# need help with craigslist



## solarsmith (Apr 28, 2008)

Iv posted an ad on craigslist and found out I have compitition some guy in my area that offers free computer rcycling is posting as many times as 5 in one day. If you know the rules for CL you know you can only have 1 active ad in an area at any time to update an ad you must delete the old ad first. when you do a serch for (recycle) you get my 1 ad and his 44 ads.. I have flaged them all and still no response from CL aparently it takes several people flaging an ad before CL staff will do any thing.

I am sure this is happening to any of you that also post on CL
I would love to help you make CL into a fair list again just tell me the city your post is in and a how I can find the offending ads. I will flag them acording to CL rules .

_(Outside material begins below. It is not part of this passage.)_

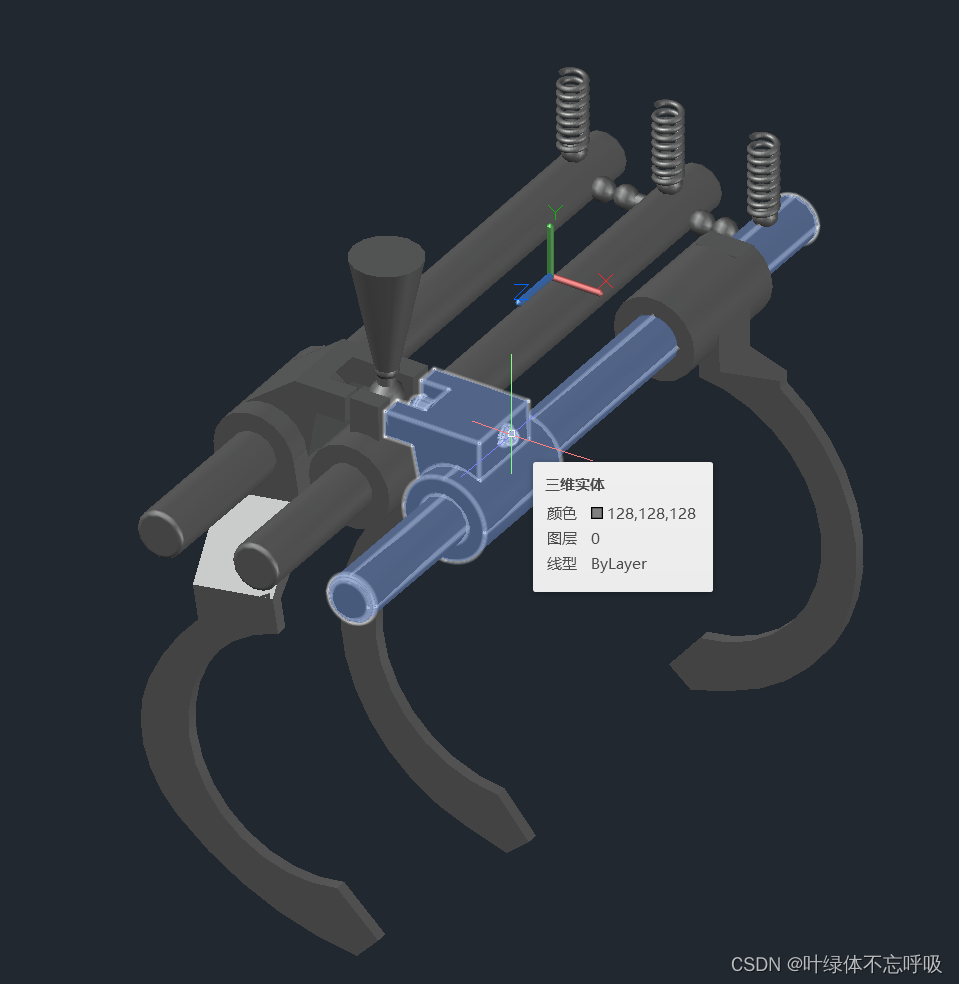 轿车5+1汽车变速器变速箱同步器操纵机构机械结构设计CAD车辆工程-创享日记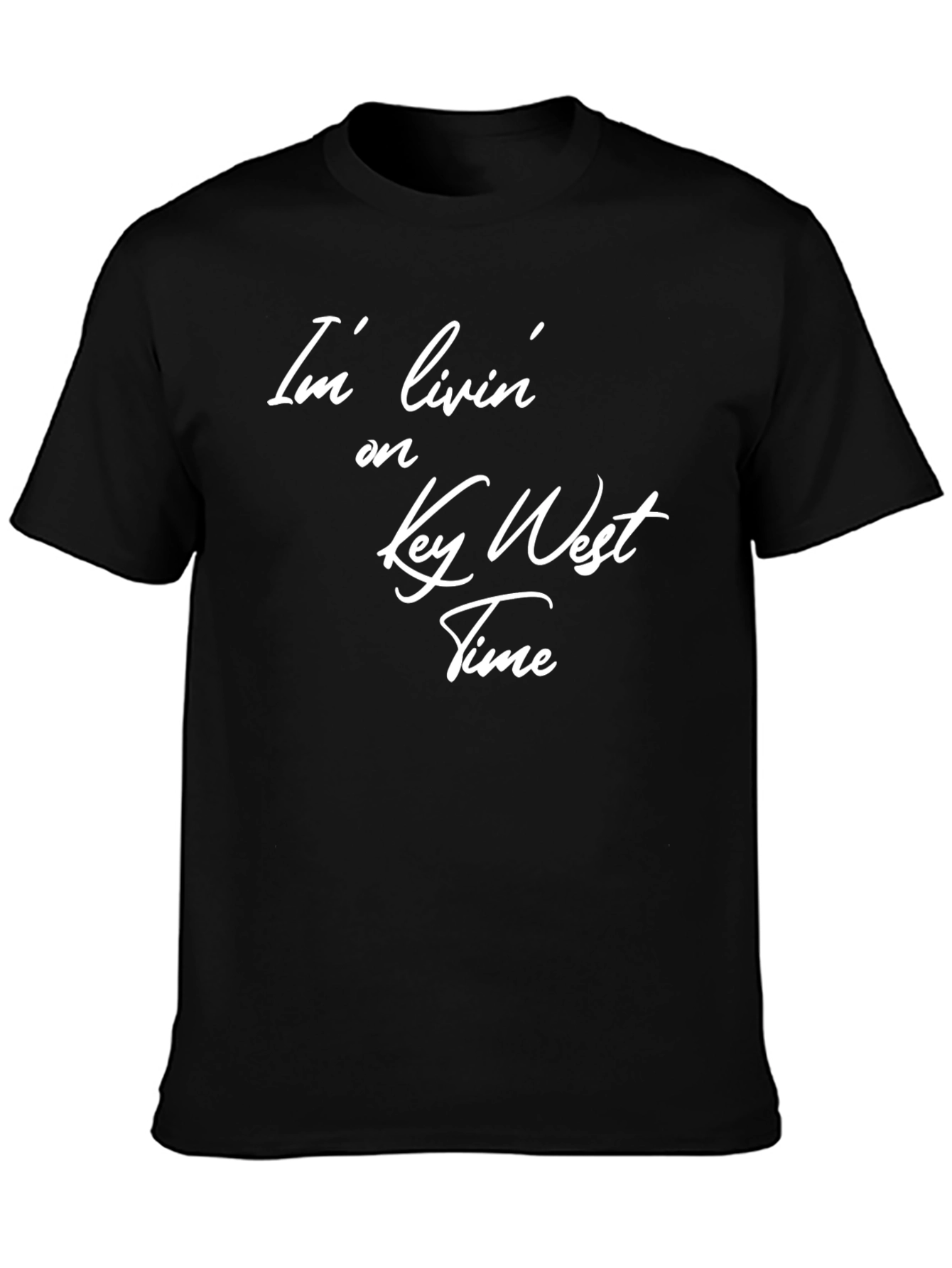 Key West Time T-Shirt - Black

my problem poster is in the (denver services computer ) area
just serch for part of his PHone number to find all of his ads
( 1029 ) Cl is a good tool for us if we can keep the spamers 
within the CL rules. thanks for your help.. BRYAN :lol:


----------



## Palladium (Apr 28, 2008)

Which one is yours :?: 

[email protected] ????????


----------



## Rag and Bone (Apr 28, 2008)

There's a higher law than Craigslist. Mind who's posts you flag


----------



## solarsmith (Apr 28, 2008)

my ad title is (free computer recycling free pickup denver metro area 303 503 4799) I am organizing the free parts network for computer rebuilders for charities in my area. rebuilders get the good parts I get the bad parts every one comes out a winner :idea: thanks BRYAN
just do a search for my phone # to find it


----------



## calgoldrecyclers (May 5, 2008)

bryan,
why not not post ten or more times yourself?
all you need is a viable email addy. nowadays you can get email almost anywhere. hotmail, live, yahoo, your isp, aol, etc.
you can also post a message on ebay, that will then be posted as a search result on the web. its all about the multi tasking. 
just make sure you have a method for handling the volume.
good luck!


----------



## Roxx (May 6, 2008)

I have been having a problem with Craigslist as well. I keep trying to post "scap gold buying" and have tried several different titles and contexts but I keep getting flagged and removed within minutes. Is there something in the craigslist T&C that says I cant advertise wanting to buy gold?

-roxx


----------



## calgoldrecyclers (May 6, 2008)

are you posting in the "wanted" section?
that would be the only reason i could think of. either that, or your competition is the one flagging you. try mixing it up a little. 
how about: " young dashing entrepreneur seeks unwanted jewelry items, gold, silver, platinum" etc. its the header that attracts.
good luck.


----------



## solarsmith (May 7, 2008)

the compitition seams to have layed off for now and yes I posted 4 times all are on CL and I found a glitch in craigs lisp that lets you repost any of your old ads back to todays list... and today I got 7 computers In on night.. also found out best buy is takeing monitors for free now...IN DENVER any way.... Any of you that want to go up into the mountains west of denver this summer and look at my tiny hole in the ground let me know! :!:


----------



## Anonymous (Jun 1, 2008)

ive always found craigs list to be a bit of a PIA. but it serves a purpose i guess. i am always looking for buddies to go digging with. do you have a claim? mines up near fairplay.. let me know!


----------